NURSE PRACTITIONER HISTORY

When Drs. Loretta Ford, RN and Henry Silver, MD developed the first NP certificate program in 1965 it provided experienced registered nurses (RN) with the additional training to work in pediatric primary care settings collaboratively with physicians to manage acute and chronic illness (American Academy of Nurse Practitioners, n.d.). Drs. Ford and Silver believed that majority of the healthcare needs presenting in pediatric primary care settings could safety be overseen by nurses with advanced training in physical assessment, pathophysiology, pharmacology, and disease management. After creating the program at UC, Dr. Ford continued to work to develop the NP role and advocate for its implementation throughout the country. Since the NP role began, education has evolved from certificate to graduate degree programs and now includes acute and primary care specialties serving patients across the lifespan. NPs work in clinics, community settings, hospitals and private offices; some work completely independently while others work collaboratively in multidisciplinary treatment teams.

Even with all of the progress achieved in advancing the NP role, debate continues regarding the necessary education and training required for NPs.

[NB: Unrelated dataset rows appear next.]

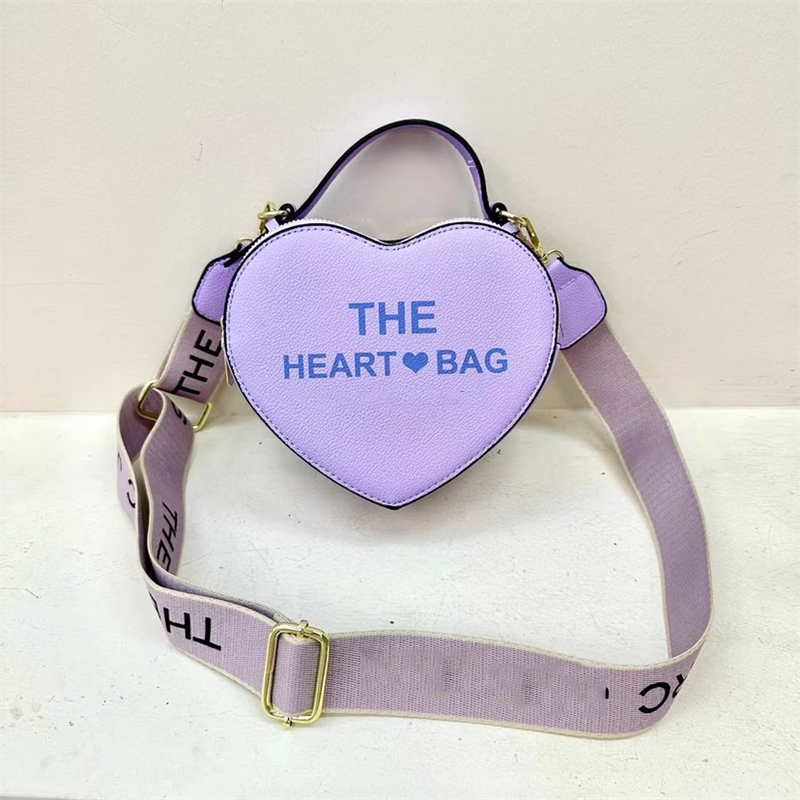 IDOIT Heart Shaped Purses and Handbags For Women Fashion Letters Shoulder Bag Girls Crossbody Bag Cute Ladies Clutch Tote Bag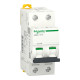 Автоматичний вимикач iC60N 2P 1A D Schneider Electric A9F75201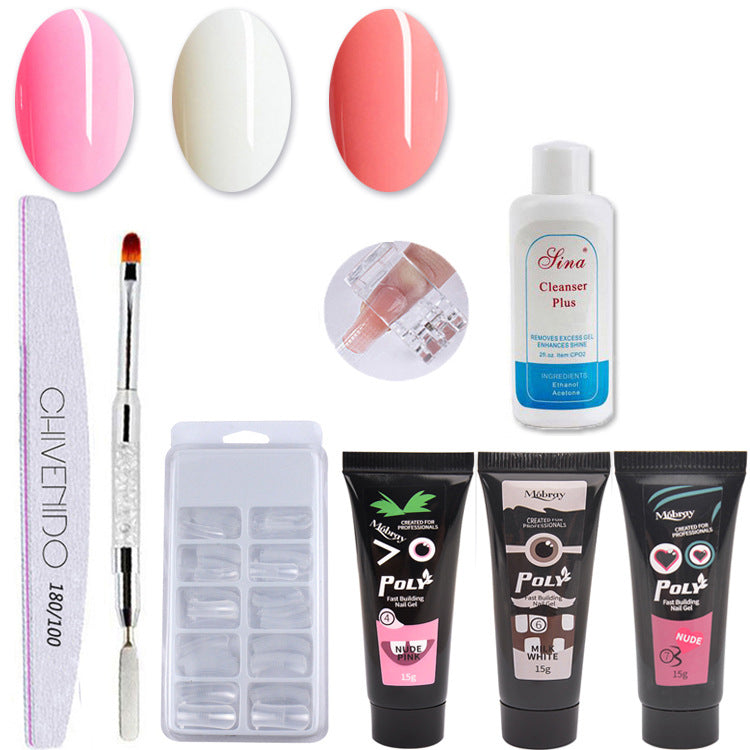 Solid Nail Extension Glue Set for Professional Nail Art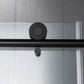 Woodbridge Frameless (60"W × 62"H) Clear Tempered Glass Shower Door - Matte Black Finish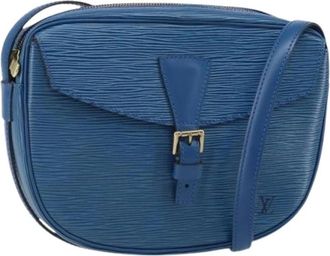 Louis Vuitton Pre-owned Vintage Cross Body Bag - Dames - Vintage Schoudertas - Blauw - ONE Size - Leer - Vintage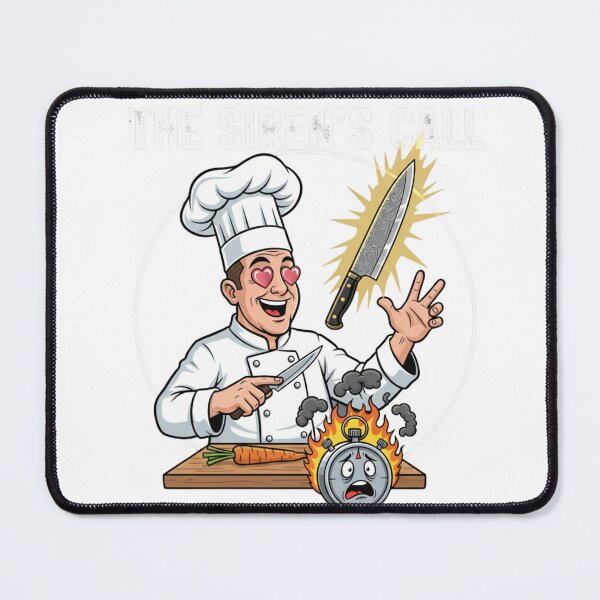 Item preview, Chef in Love With Knives – easily distracted designed and sold by w66aboo.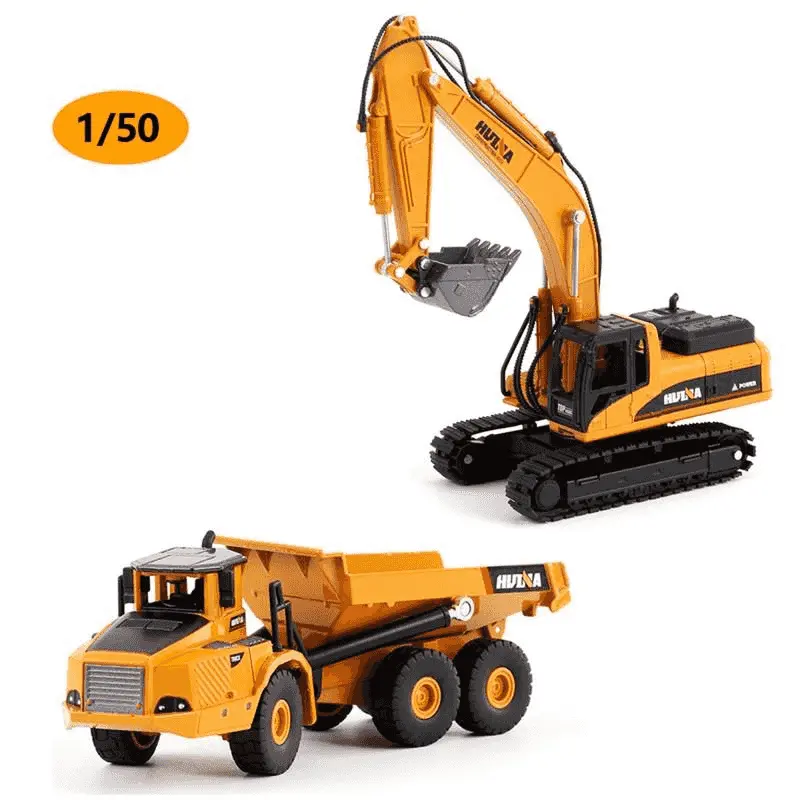 Excavadora Huina Estatico + Bumper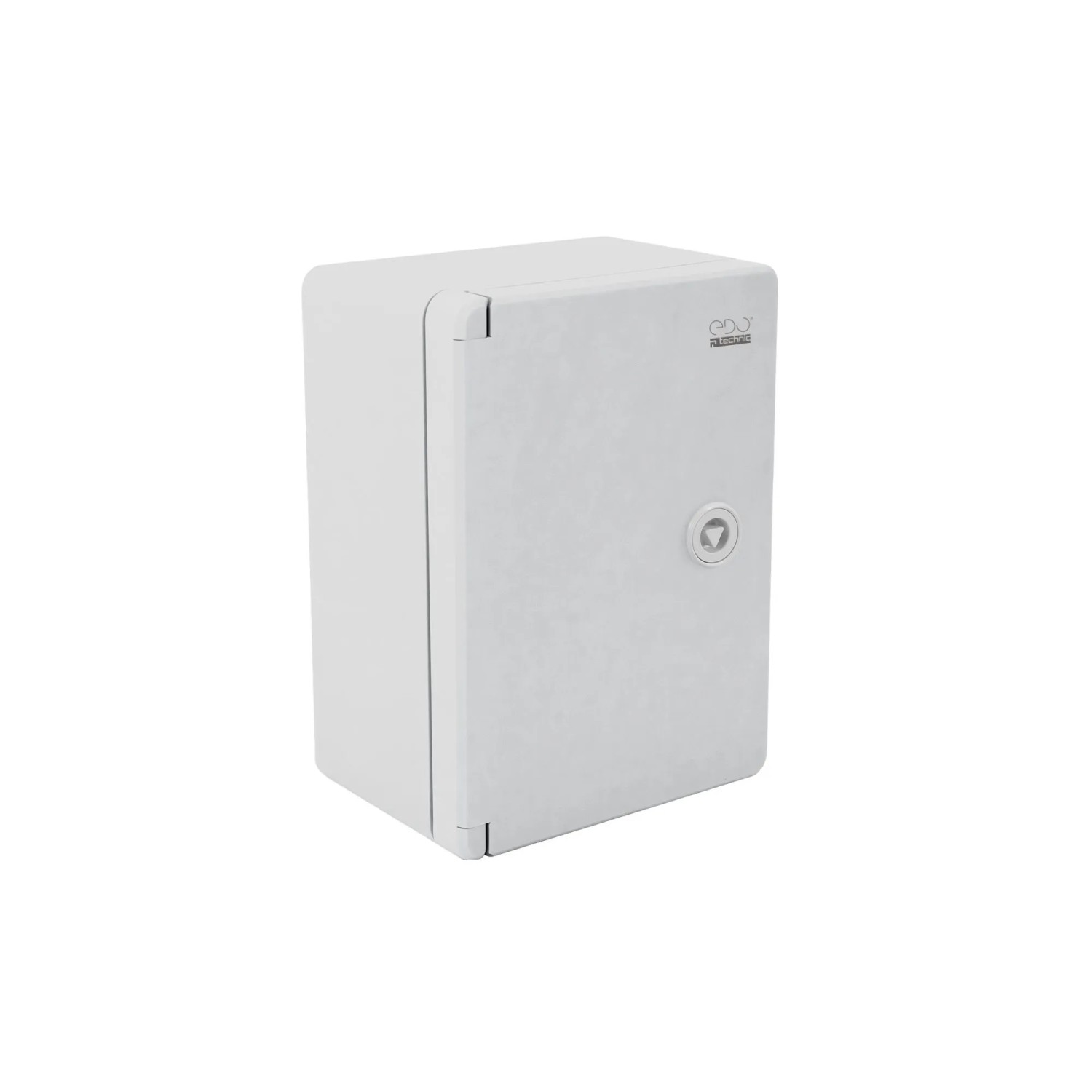 EDO Verteilergehäuse Aufputz 180 x 240 x 130 mm Grau IP65 ABS Schaltkasten Schaltschrank für Innen und Außen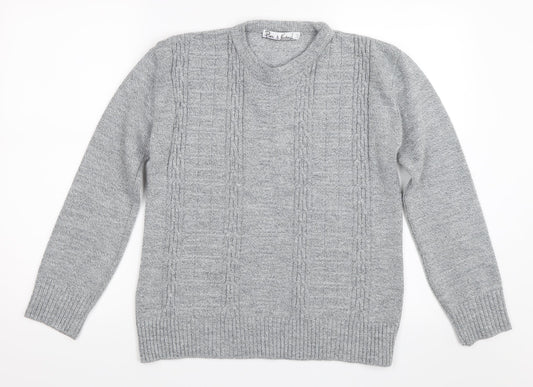 Pure & Natural Womens Grey   Pullover Jumper Size S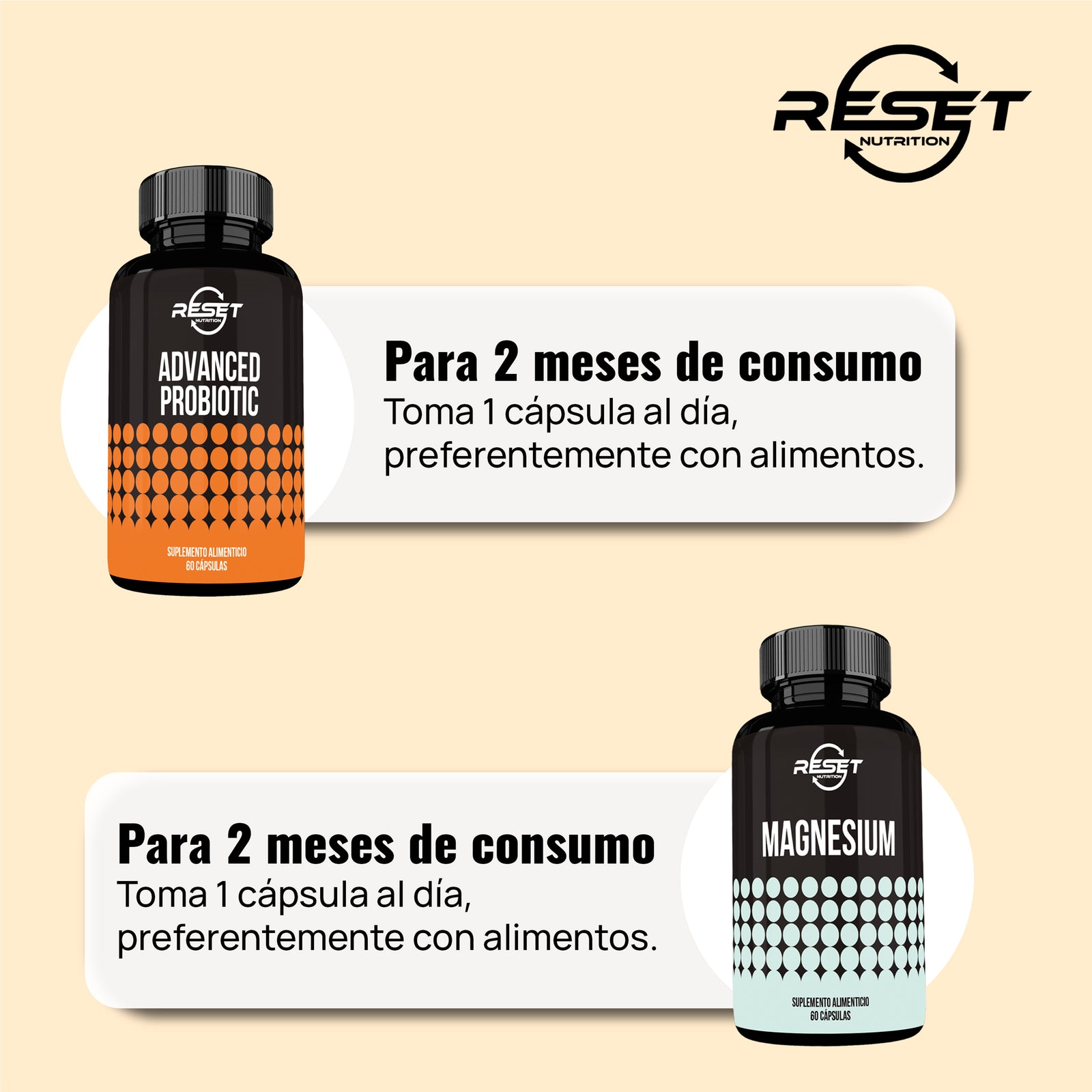 Pro Boost Mag | Magnesio + Probióticos Combo | Salud Digestiva, Energía Natural y Apoyo para el Alivio del Estrés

Some of the biggest points of dispute include minimum number of clinical practice hours, degree for entry to practice, prerequisite RN experience, and necessity of post-graduate residency/fellowship training. In this two-part series I will discuss each of these topics and offer my take on what is broken within the current system and then suggestions on how we can improve it for future practitioners. Please keep in mind that these are my opinions and do not reflect the views of any college/university or professional organization. This is not a critique of any specific education program but rather a general commentary about NP education in the United States with the hope of starting an open and productive dialog between members of this forum.

EDUCATION SYSTEM PROBLEMS

The first NP programs were designed to build upon the practice of experienced nurses but as time has marched on we have seen the emergence of new educational formats including online and accelerated programs. Students can now complete NP programs in online classrooms from anywhere in the world and non-nursing professionals from a variety of backgrounds can join our field through accelerated degree programs. Utilizing new educational tools and alternative paths to entry are important to remaining current but these methods present challenges for maintaining quality standards and the "nurse" identity of nurse practitioner. Studies have found that having previous clinical experience as an RN was not associated with improved academic success or stronger clinical skills as a new NP (El-Banna et al., 2015; Rich, 2005, Rich & Rodriguez, 2002). While I won't debate that non-nursing professionals can effectively complete accelerated programs and become successful NPs, I believe that these NPs miss out on critical socialization aspects of being an RN and are less likely to identify with the "nurse" aspect of being a nurse practitioner.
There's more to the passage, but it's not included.